:: EXERCISE GOAL ::
Output all the entries word for word. Omit the pictures.
───── RECORDED DATA ─────
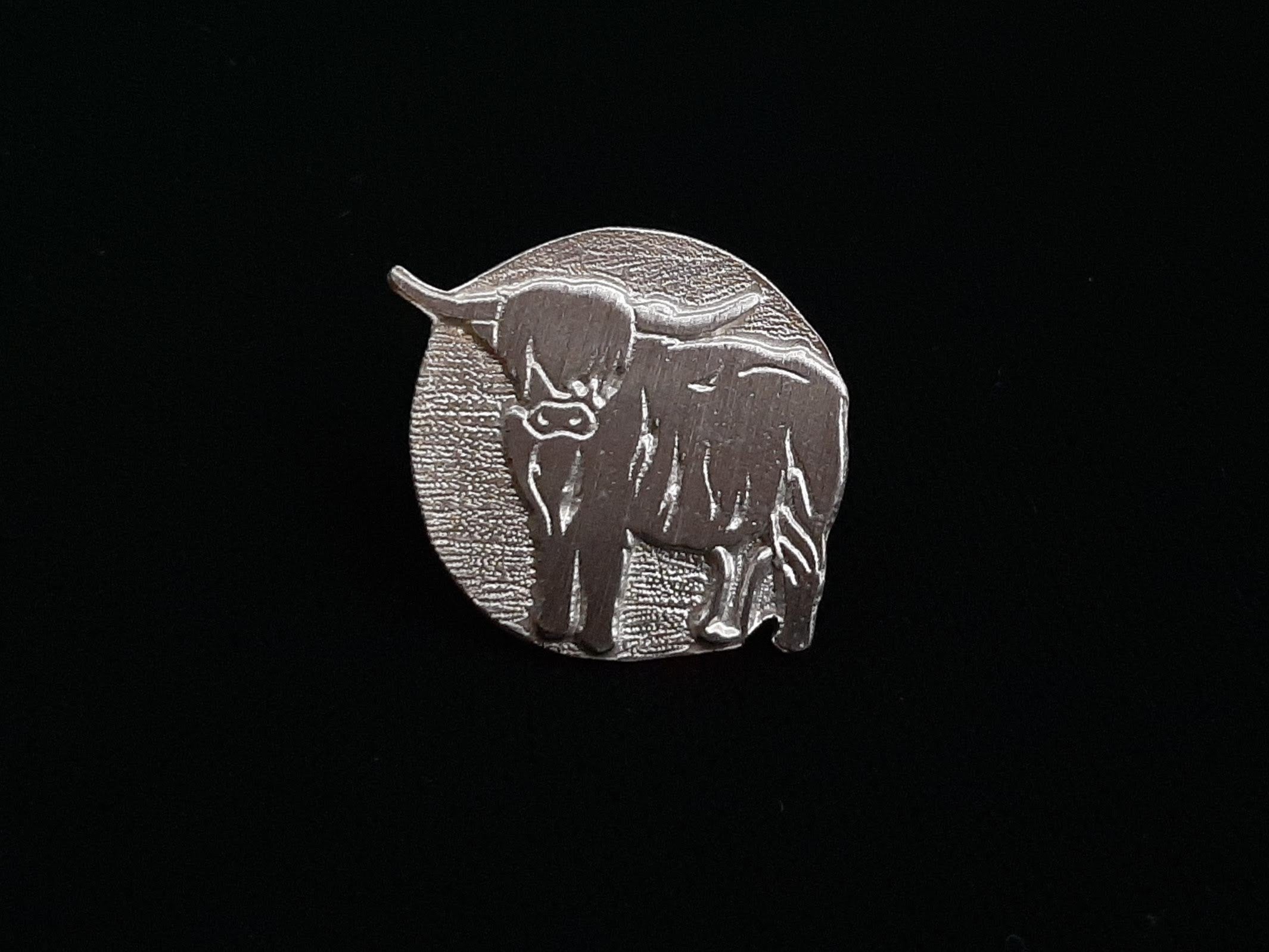 Lapel Pins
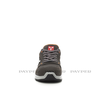 Payper S3-NBK Sicherheitshalbschuh Get Force Low rauchgrau / Gr. 42 Produktbild Additional View 1 S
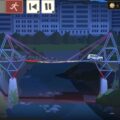 Free Bridge Constructor: The Walking Dead [ENDED]
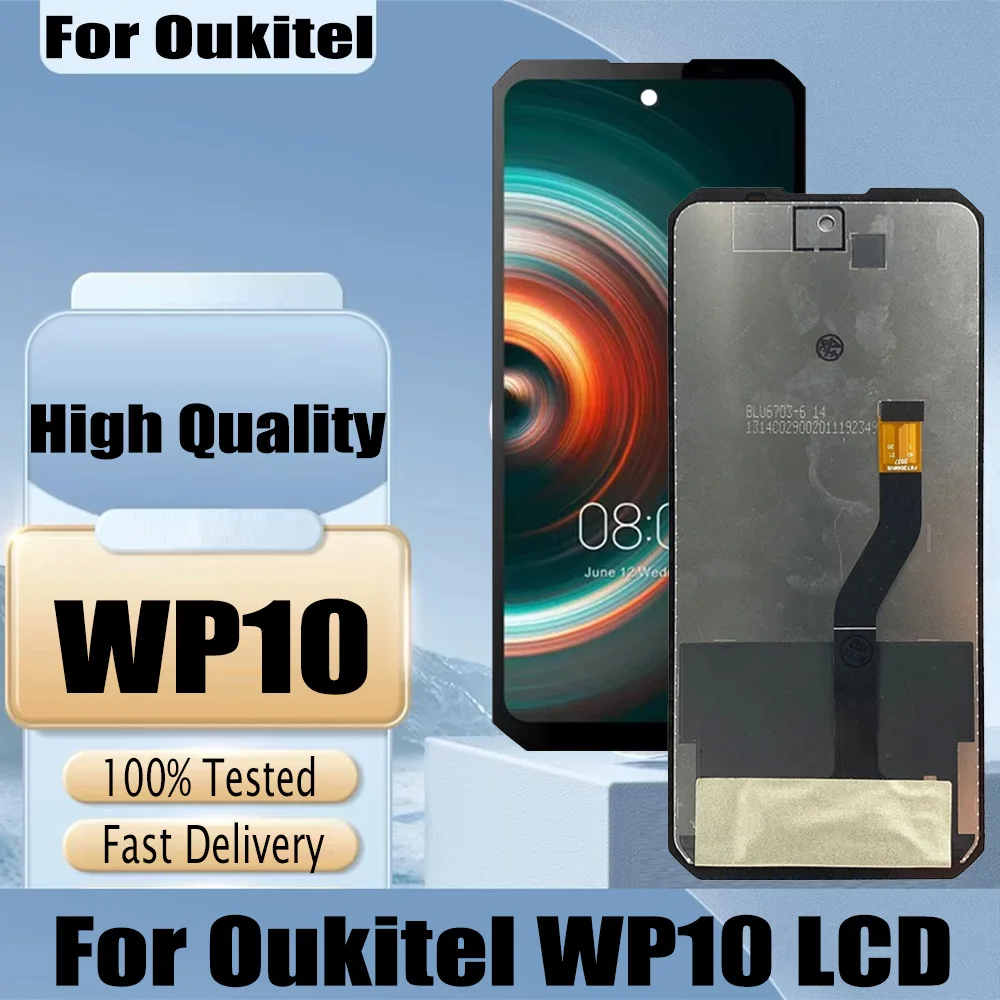 pop-di-alta-qualita-per-oukitel-wp10-display-lcd-touch-screen-digitizer-assembly-di-ricambio-per-oukitel-wp10-display-dello-schermo-lcd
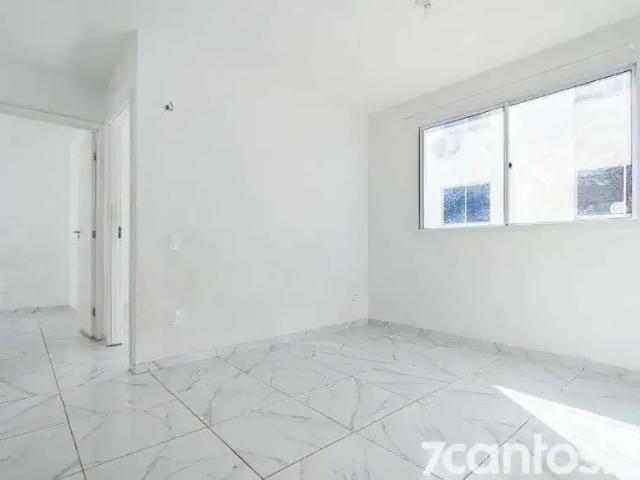 Apartamento aluguel em Região Geográfica Imediata de Fortaleza, Fortaleza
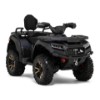 1000 BLADE MAX ABS Touring LE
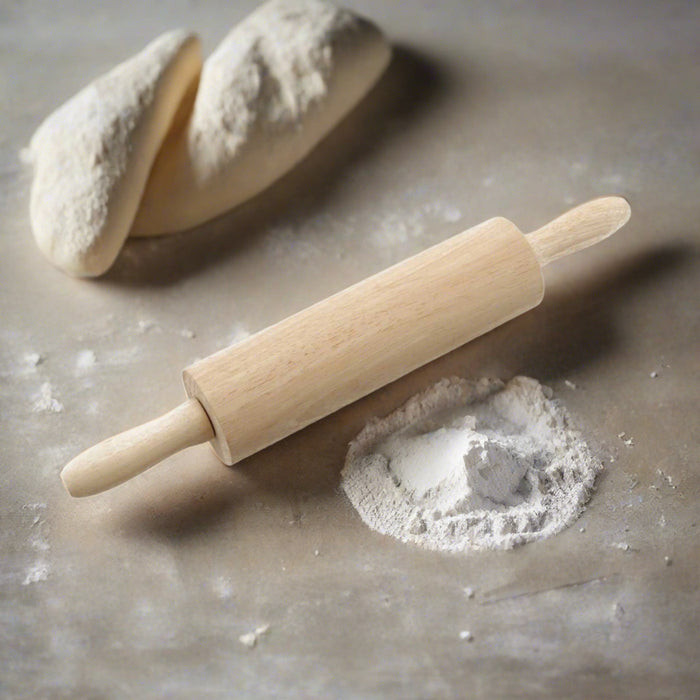 cuisinox Cuisinox Rolling Pin Rolling Pins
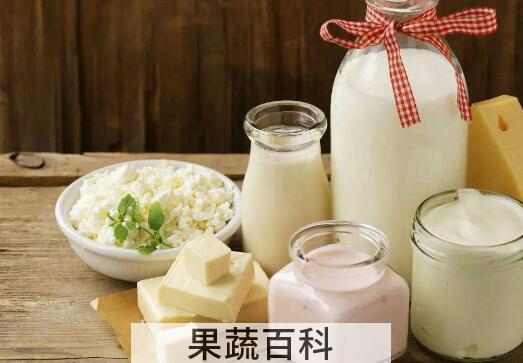 预防骨质疏松的6大食物 骨质疏松症不宜吃食物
─────
:: SOLUTION TO THIS TASK ::
 Lapel Pins
 Payper S3-NBK Sicherheitshalbschuh Get Force Low rauchgrau / Gr. 42 Produktbild Additional View 1 S
 Free Bridge Constructor: The Walking Dead [ENDED]
 pop-di-alta-qualita-per-oukitel-wp10-display-lcd-touch-screen-digitizer-assembly-di-ricambio-per-oukitel-wp10-display-dello-schermo-lcd
 Apartamento aluguel em Região Geográfica Imediata de Fortaleza, Fortaleza
 1000 BLADE MAX ABS Touring LE
 cuisinox Cuisinox Rolling Pin Rolling Pins
 预防骨质疏松的6大食物 骨质疏松症不宜吃食物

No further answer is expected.